> **Assigned task**
Reproduce, exactly and only, the lines of the data that follows from the one containing "Mother and her" down to the one containing "Bed in Vathi Hotel Apartment Hotel", without pictures.

> **Recorded information**
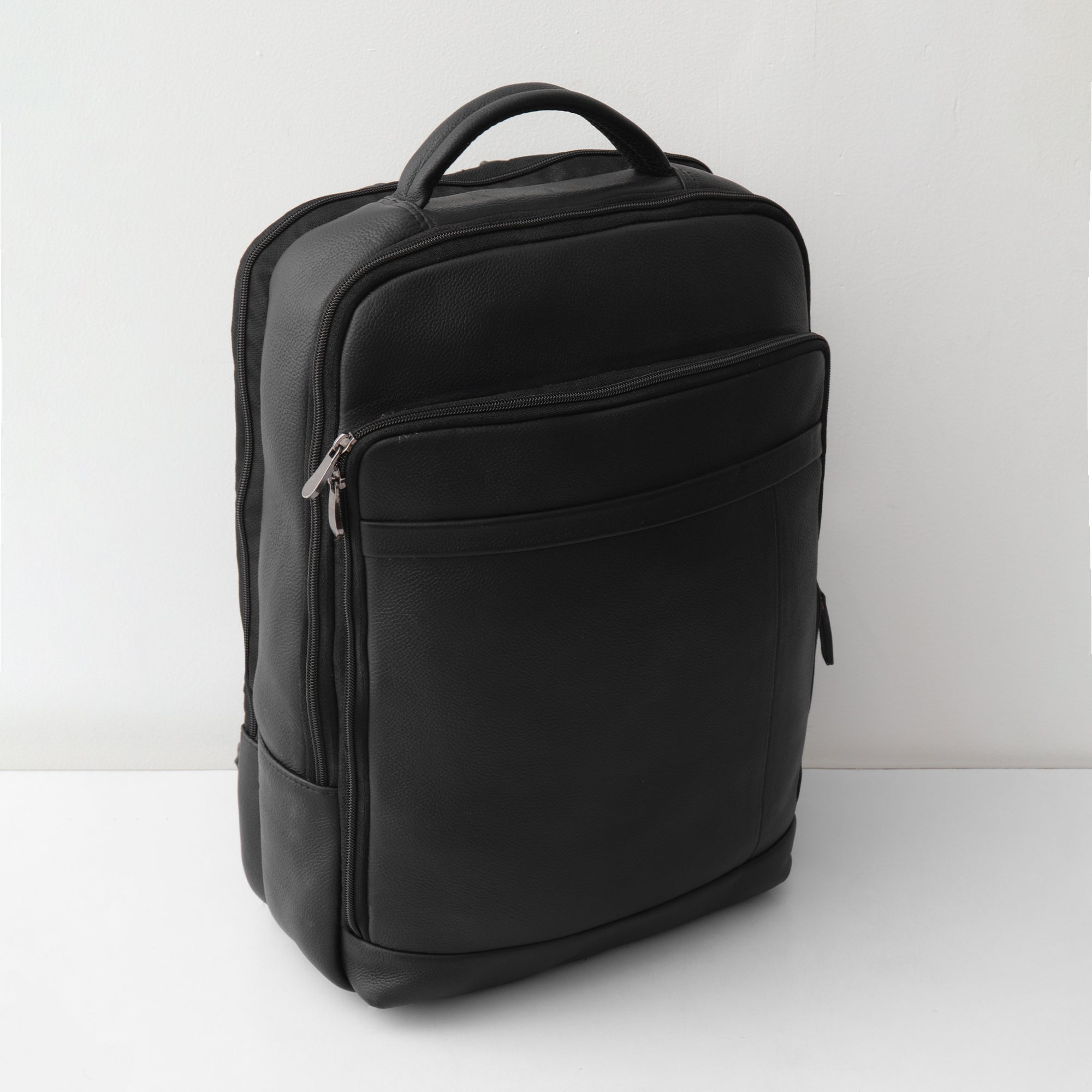 Executive Leather Backpack - Contemporary Design Meets Professional Functionality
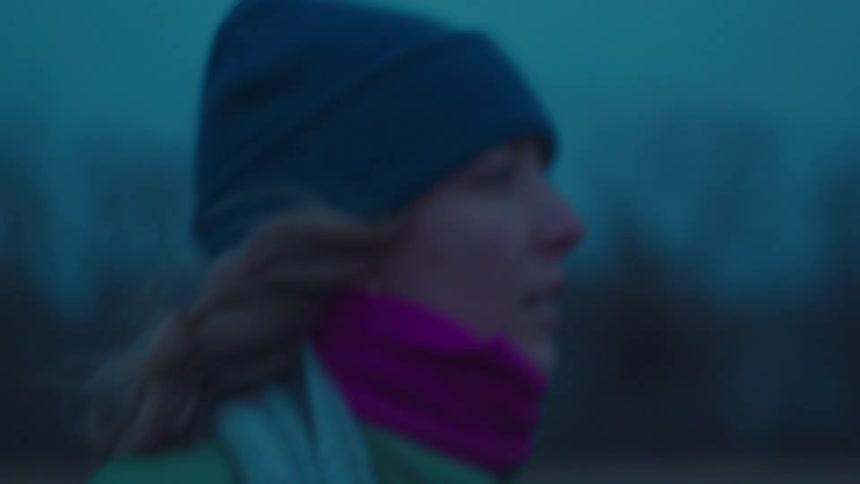 Woman in beanie and hat walking outdoors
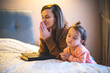 Mother and her daughter reading from bible and praying in their knees near the bed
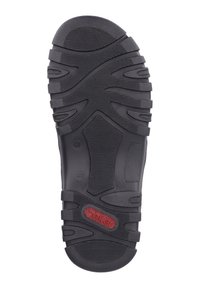 Semelle de chaussure en caoutchouc noir avec un motif de texture et des profondeurs marquées. Présente un logo "rieker" rouge prominent près du talon. Taille 41 indiquée.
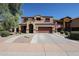 Two-story stucco home featuring a two-car garage, tile roof, arched entry, and landscaped front yard at 22927 N 41St St, Phoenix, AZ 85050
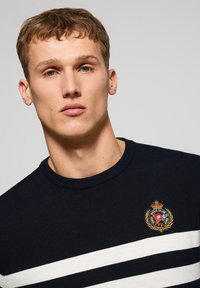 Marineblauer Strickpullover mit weißen horizontalen Streifen, geripptem Rundhalsausschnitt und gesticktem Logo auf der Brust. Weiche Textur, figurbetontes Design.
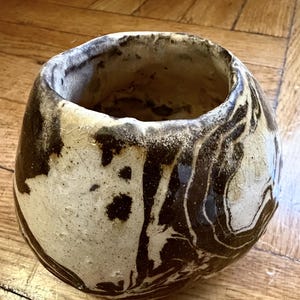May include: A small, rounded ceramic vessel with an irregular, hand-formed rim. The exterior features a marbled pattern of dark brown and off-white glaze with a visible crackle texture throughout the surface, creating a distinct swirling effect.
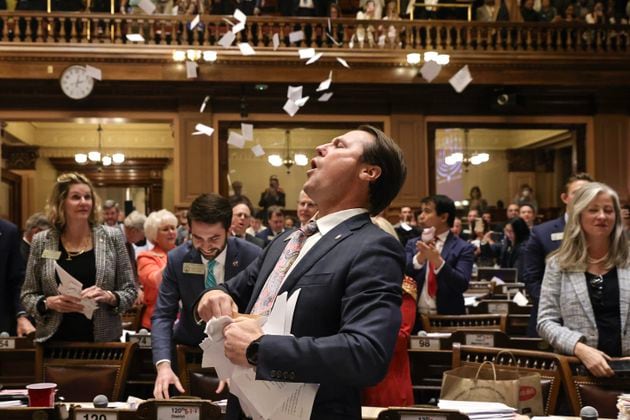 Rep. James Burchett (R-Waycross) celebrates at the conclusion of the legislative session in the House Chamber on Sine Die, the last day of the General Assembly at the Georgia State Capitol in Atlanta on Wednesday, March 29, 2023. (Natrice Miller/ natrice.miller@ajc.com)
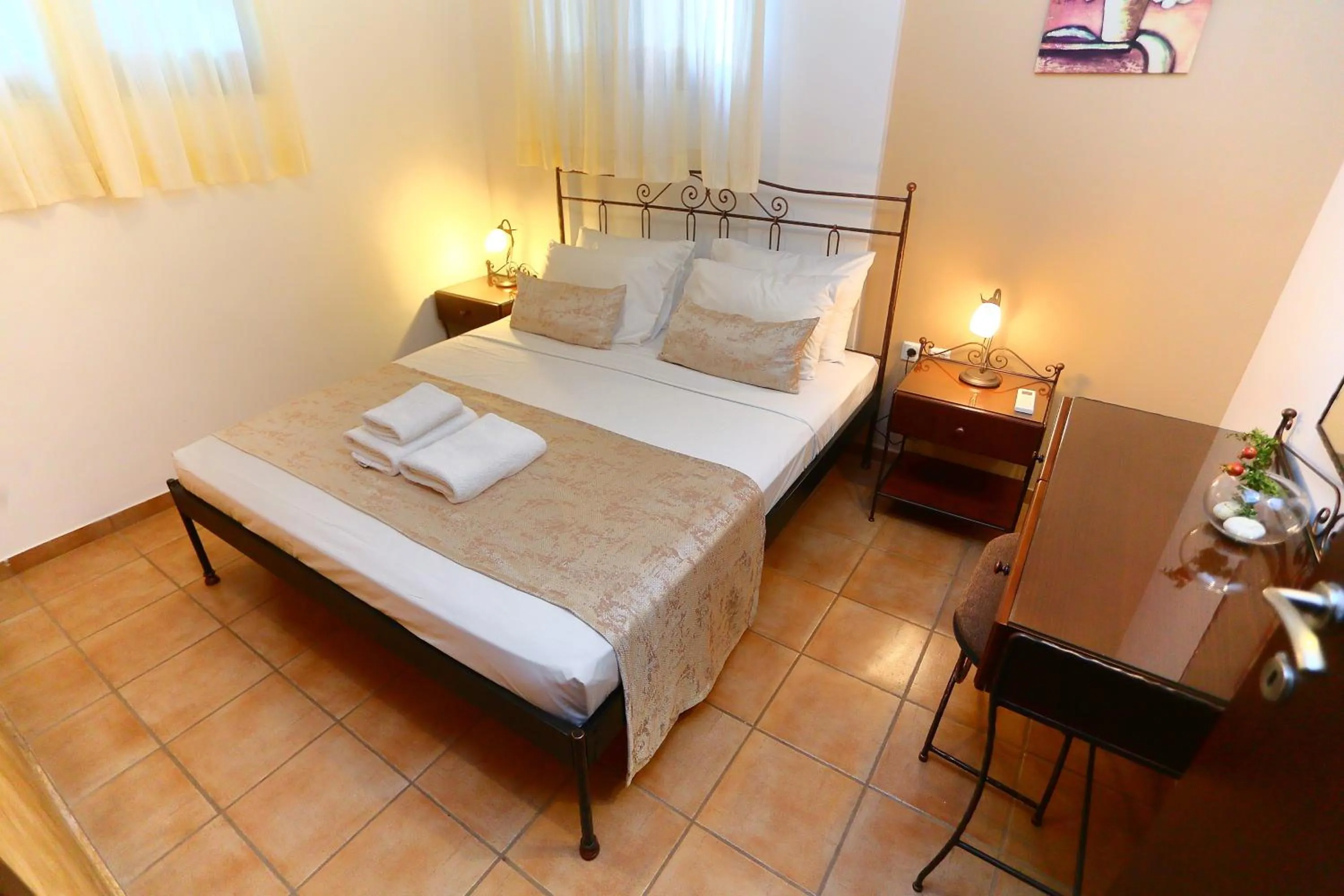 Bed in Vathi Hotel Apartment Hotel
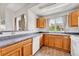 Bright kitchen features wood cabinets, tile flooring, and large windows for natural light at 3261 S Waco Ct # C, Aurora, CO 80013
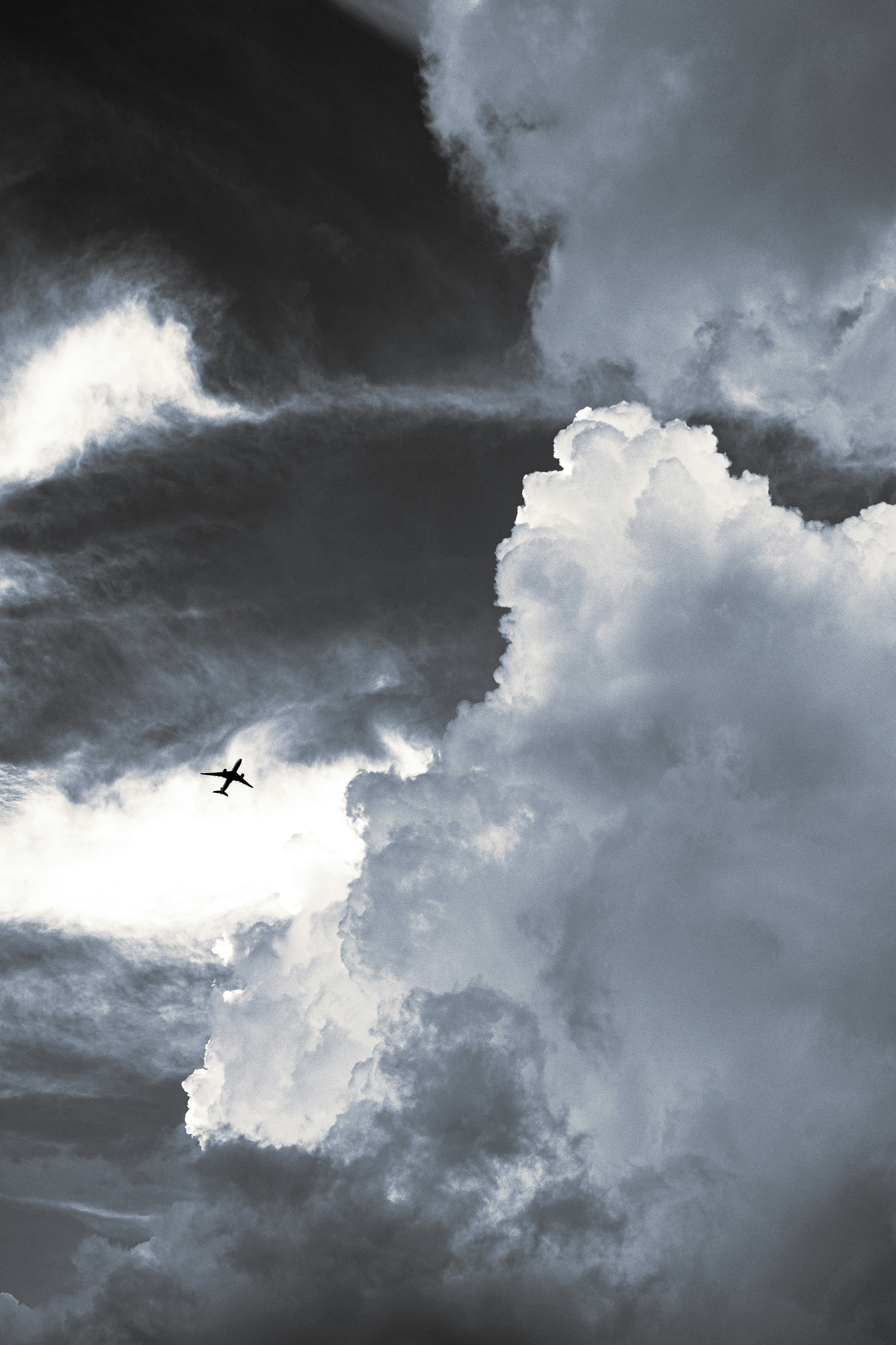 sky with dramatic clouds and contrails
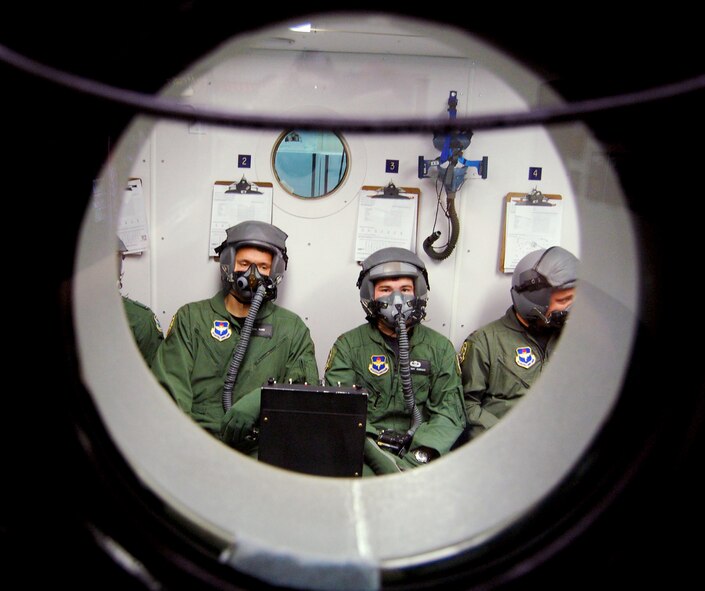 Students in a specialized Undergraduate Pilot Training class 08-12 learn what it's like to breath oxygen for an extended period of time in the altitude chamber at Laughlin AFB, Texas aerospace physiology flight. (Photo by Staff Sgt. Austin M. May)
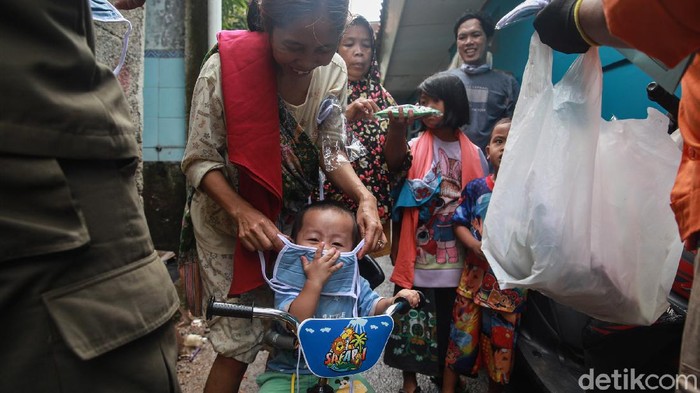 Petugas Kelurahan Ciganjur membagikan masker gratis kepada warga yang terdampak longsor sehingga menutupi aliran sungai di RT 004/002, Jl Damai, Ciganjur, jakarta Selatan, Senin (12/10/2020).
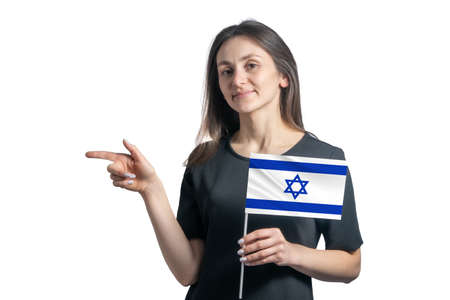 Happy young white woman holding flag Israel and points to the left isolated on a white background.の写真素材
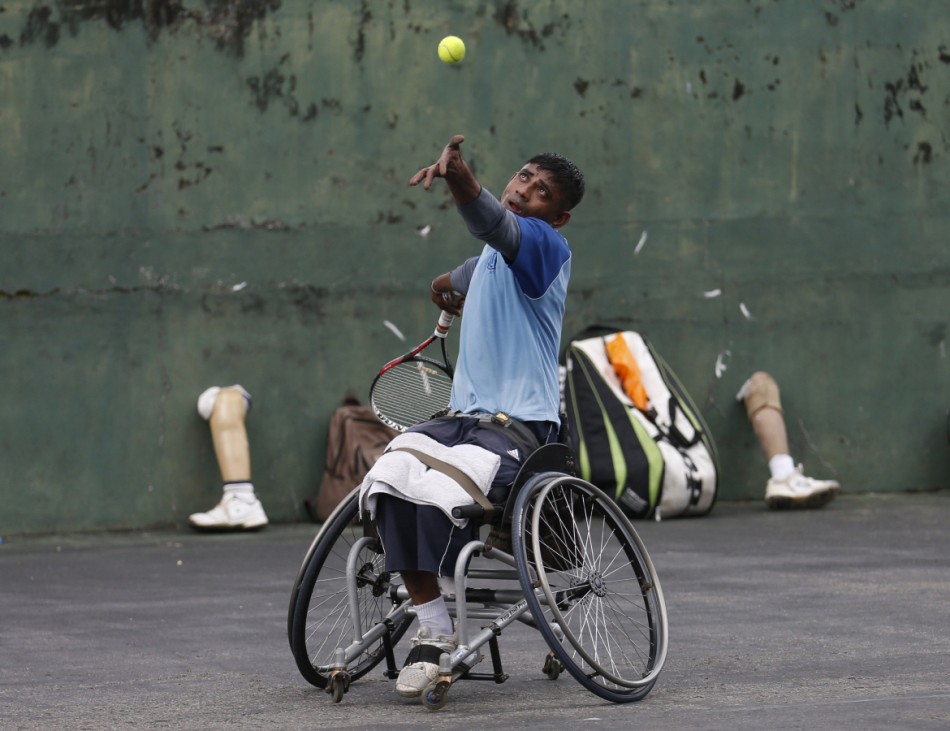 Gamini Dissanayake, 36, an army soldier and member of Sri Lanka's wheelchair tennis national team serves during a practice session in Colombo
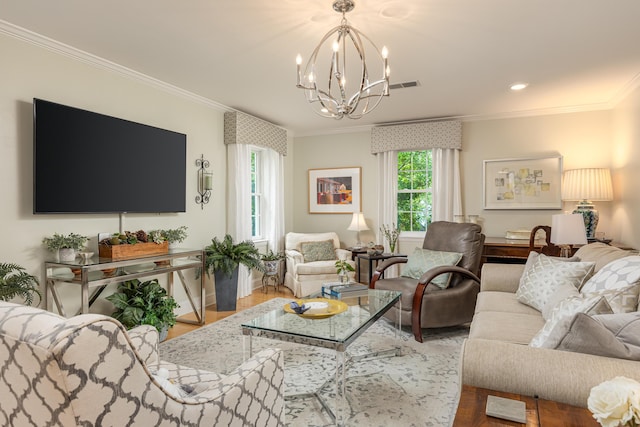 living room with ornamental molding, a chandelier, and hardwood / wood-style flooring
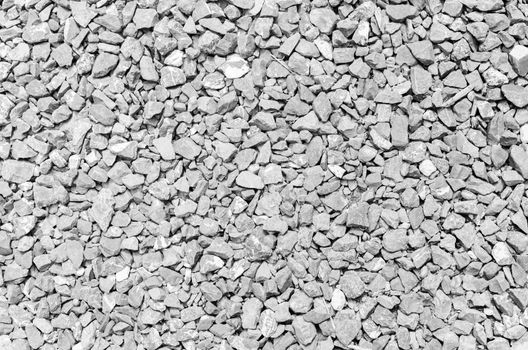 pebble black white stones background. closeup of stones texture, monotone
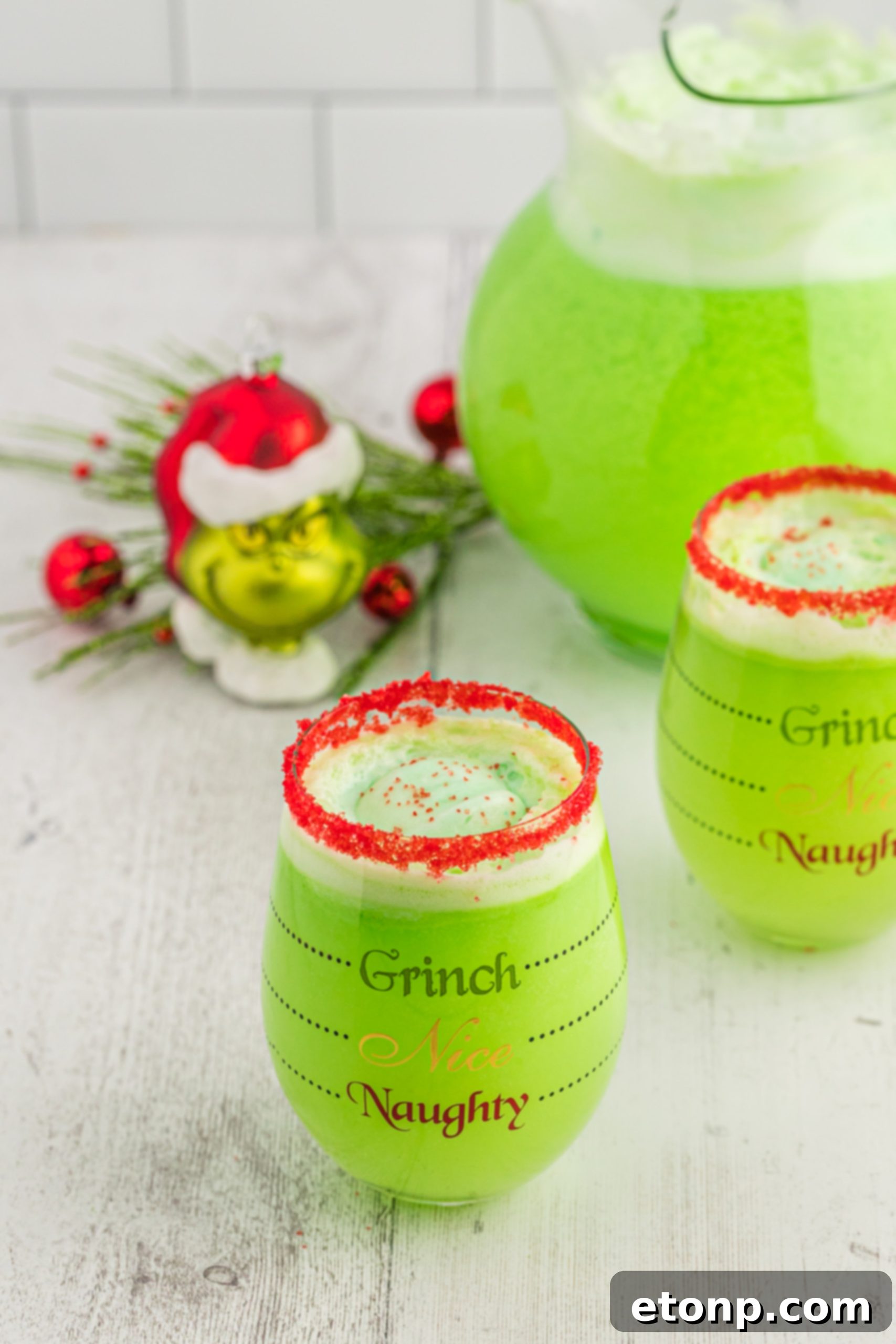 The Grinch's Heart-Growing Holiday Brew 9 Several glasses of Grinch Punch, some with green and red striped straws, on a wooden surface.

> **Your response**
 Mother and her daughter reading from bible and praying in their knees near the bed
 Semelle de chaussure en caoutchouc noir avec un motif de texture et des profondeurs marquées. Présente un logo "rieker" rouge prominent près du talon. Taille 41 indiquée.
 Two-story stucco home featuring a two-car garage, tile roof, arched entry, and landscaped front yard at 22927 N 41St St, Phoenix, AZ 85050
 Marineblauer Strickpullover mit weißen horizontalen Streifen, geripptem Rundhalsausschnitt und gesticktem Logo auf der Brust. Weiche Textur, figurbetontes Design.
May include: A small, rounded ceramic vessel with an irregular, hand-formed rim. The exterior features a marbled pattern of dark brown and off-white glaze with a visible crackle texture throughout the surface, creating a distinct swirling effect.
 Rep. James Burchett (R-Waycross) celebrates at the conclusion of the legislative session in the House Chamber on Sine Die, the last day of the General Assembly at the Georgia State Capitol in Atlanta on Wednesday, March 29, 2023. (Natrice Miller/ natrice.miller@ajc.com)
 Bed in Vathi Hotel Apartment Hotel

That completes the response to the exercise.